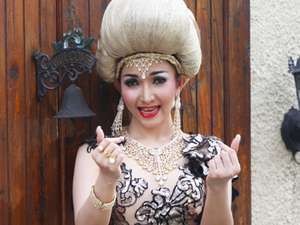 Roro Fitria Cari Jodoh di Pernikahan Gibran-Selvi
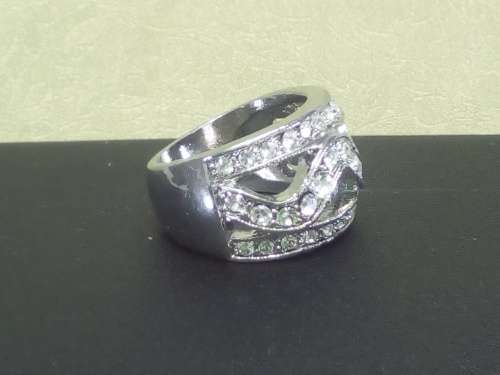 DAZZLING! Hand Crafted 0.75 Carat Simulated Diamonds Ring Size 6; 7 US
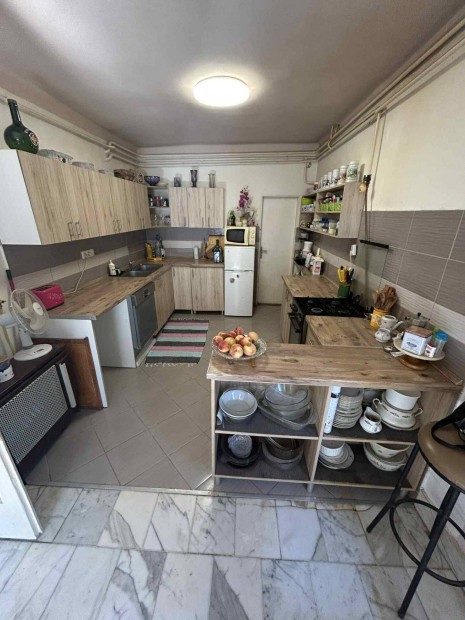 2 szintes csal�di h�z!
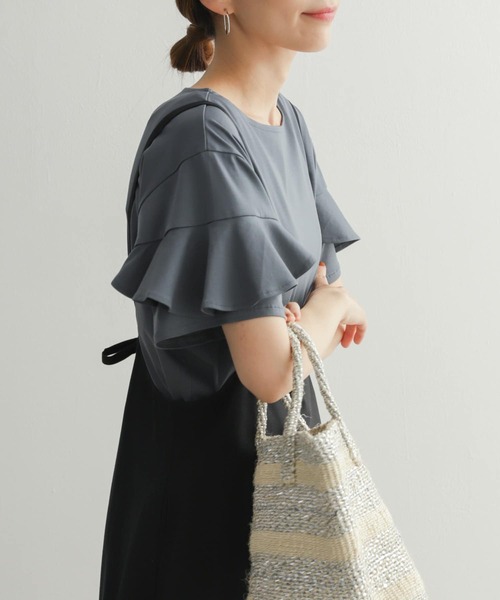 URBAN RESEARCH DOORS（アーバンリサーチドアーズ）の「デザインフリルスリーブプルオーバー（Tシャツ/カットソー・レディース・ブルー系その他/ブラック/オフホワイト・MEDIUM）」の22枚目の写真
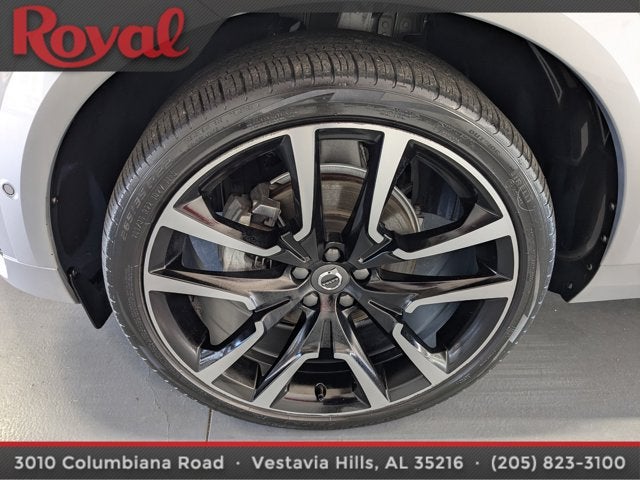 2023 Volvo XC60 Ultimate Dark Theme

----

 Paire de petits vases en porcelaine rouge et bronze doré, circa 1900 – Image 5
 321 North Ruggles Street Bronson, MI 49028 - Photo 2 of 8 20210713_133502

----

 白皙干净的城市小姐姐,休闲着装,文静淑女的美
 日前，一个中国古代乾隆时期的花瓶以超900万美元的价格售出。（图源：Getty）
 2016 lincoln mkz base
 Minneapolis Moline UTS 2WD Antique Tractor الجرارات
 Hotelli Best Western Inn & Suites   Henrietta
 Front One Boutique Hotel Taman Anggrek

----

WHAT IS BEING ASKED - Using the listing above, copy exactly the line that contains "Hotelli Best Western", the line that contains "Front One Boutique Hotel Taman Anggrek", and each line that falls between them.

EXERCISE OUTPUT -
 Hotelli Best Western Inn & Suites   Henrietta
 Front One Boutique Hotel Taman Anggrek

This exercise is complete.